# Some of my old gear



## Tuffythepug (Jul 17, 2012)

Here's a couple from my collection.    The Rolleiflex is a mid 50's model which I bought about 30 years ago from a retired girlie magazine photographer.   I paid $75 for it and I've shot a ton of photos with it.  It's cumbersome to use but still takes good photos.  The Kodak Retina was going to be thrown out with a bunch of other misc. stuff from an old bank building when I rescued it.   it cost me nothing.


----------



## JoshuaSimPhotography (Jul 18, 2012)

Iva always wanted one of these double reflex cams. They also make a neat subject for some low light photography


----------



## IanG (Jul 18, 2012)

JoshuaSimPhotography said:


> Iva always wanted one of these double reflex cams. They also make a neat subject for some low light photography



Double reflex which are stereo reflex cameras are fairly rarely seen now, I'd love to buy one. The Rolleiflex is a twin lens reflex but only the viewing lens is reflex 

Ian


----------



## The Barbarian (Jul 23, 2012)

I have a good number of them.   The coolest one I have is a Zeiss Ikoflex III 852/16.   It apparently had been stored near a window, all the leather on the back side had dried and was flaking off.   I releathered it and it's been great.
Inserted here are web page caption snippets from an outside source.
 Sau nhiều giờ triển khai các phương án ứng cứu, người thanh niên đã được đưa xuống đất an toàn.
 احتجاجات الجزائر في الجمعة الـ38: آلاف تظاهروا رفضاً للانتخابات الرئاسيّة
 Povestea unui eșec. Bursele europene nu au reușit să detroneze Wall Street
If you want a great 120 shooter, though, you should consider the Voigtlander Perkeo.    It's a 120, but foldable, and so compact you can drop it in your pocket.

You can get an old rangefinder to put in the shoe, if you really need it.   I never did. 
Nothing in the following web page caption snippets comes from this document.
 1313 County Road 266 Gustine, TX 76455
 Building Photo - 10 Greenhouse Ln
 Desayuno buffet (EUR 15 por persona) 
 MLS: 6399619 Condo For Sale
Two scans from negatives.  Slight crop on these to make then rectangular, and a bit of brightness and contrast adjust.


----------



## SamSpade1941 (Jul 23, 2012)

When I was in my 20's I was given an older Mamiya TLR  as payment for taking care of a lawn for an elderly neighbor . I kind of wish I still had that camera now, it took wonderful photos. Just large and slow to setup and at the time I was into cool looking sleek 35mm SLR cameras. These days I like slower Medium format cameras. kind of funny how that type of thing comes full circle.


----------



## hearts0075 (Aug 4, 2012)

And omg they are the top of the line now and do expensive. You were lucky to have one!


----------



## pixmedic (Aug 4, 2012)

my wife has a rolleiflex 3.5C with the carl zeiss 75mm lens. has the built in  light meter.  in good shape. 
never gets used though. her grandfather left it to her.  have to run some film through it one day and see what it can do.

View attachment 15804


----------